Posted on May 28, 2024 • Edited on Dec 14, 2024

The Log Is (not) The Database

#yugabytedb #distributed #postgres #sql

There is a common saying "The Log Is The Database", to explain some database innovations in cloud-native environments. For example, Kafka stores the events that modify data, Amazon Aurora's database instances send only the Write-Ahead Logging to the storage, and modern databases use LSM Tree to append all changes to a log. I dislike this saying for two reasons:

First, there's no real innovation. In traditional databases, your changes are first saved in the redo log, transactional log, or write-ahead log (WAL), and once they are saved, they are considered durable. "Write-Ahead Logging" means exactly that it is written first, and it's not new, but was described in the ARIES paper back in 1992.
Second, if your database consists only of a log, then it's not really a database but more of a sequentially written file. The primary function of databases is to process data, and a log file isn't efficient for much else besides disaster recovery. Additionally, a true database allows multiple users to read and write at the same time, managing concurrency, which often requires memory structures that aren't written to the log (except for higher resilience to failure, like YugabyteDB does with Raft).

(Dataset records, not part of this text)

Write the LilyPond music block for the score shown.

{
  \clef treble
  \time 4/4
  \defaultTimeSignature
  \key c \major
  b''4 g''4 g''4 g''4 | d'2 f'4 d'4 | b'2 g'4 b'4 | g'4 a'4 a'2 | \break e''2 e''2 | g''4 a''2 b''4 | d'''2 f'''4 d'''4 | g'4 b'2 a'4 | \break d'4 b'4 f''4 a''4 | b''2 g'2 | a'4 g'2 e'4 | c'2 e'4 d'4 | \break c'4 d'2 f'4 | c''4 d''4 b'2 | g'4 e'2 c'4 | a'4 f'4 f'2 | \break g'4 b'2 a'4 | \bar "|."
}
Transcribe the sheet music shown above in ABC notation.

Distributed SQL databases like YugabyteDB are closer to "The Log Is The Database" because the log is used to distribute and replicate before writing to memory structures. However, this would still ignore the fact that the log must be sorted and compacted to avoid read amplification when processing data.

I selected this title because when you consider the write-path only, the distributed log serves as the database for YugabyteDB. All data manipulation (including reading and writing intents, managing locks for consistency, and transaction control) is distributed to LSM Trees. Additionally, they are distributed over the network using a shared-nothing architecture, which is why I illustrated it with a mousepad from the previous century that I found in a drawer when working at CERN: "The Network Is The Computer."

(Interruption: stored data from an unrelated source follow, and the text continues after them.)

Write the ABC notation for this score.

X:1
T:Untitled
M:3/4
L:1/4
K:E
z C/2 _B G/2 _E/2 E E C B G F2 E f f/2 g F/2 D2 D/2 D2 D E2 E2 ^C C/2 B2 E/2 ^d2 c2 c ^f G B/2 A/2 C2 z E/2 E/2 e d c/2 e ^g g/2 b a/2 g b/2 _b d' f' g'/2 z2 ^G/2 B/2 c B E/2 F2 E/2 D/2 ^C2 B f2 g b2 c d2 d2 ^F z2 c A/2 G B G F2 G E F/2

YugabyteDB utilizes PostgreSQL code for the query layer. This layer is stateless and operates on all nodes. Write operations, and some read intents, are converted into a log of write requests that are sharded based on their key (the primary key for the tables, the indexed columns for secondary indexes), sent in batches to the storage layer, replicated as a Raft log, and then stored in LSM Trees.

Enough talking, let's look at it. I created a table on YugabyteDB cluster:

yugabyte=# create table demo (
  id bigserial primary key, a int, b int, c int
) split into 1 tablets;
CREATE TABLE

I forced it to a single tablet to make it easer to look at it.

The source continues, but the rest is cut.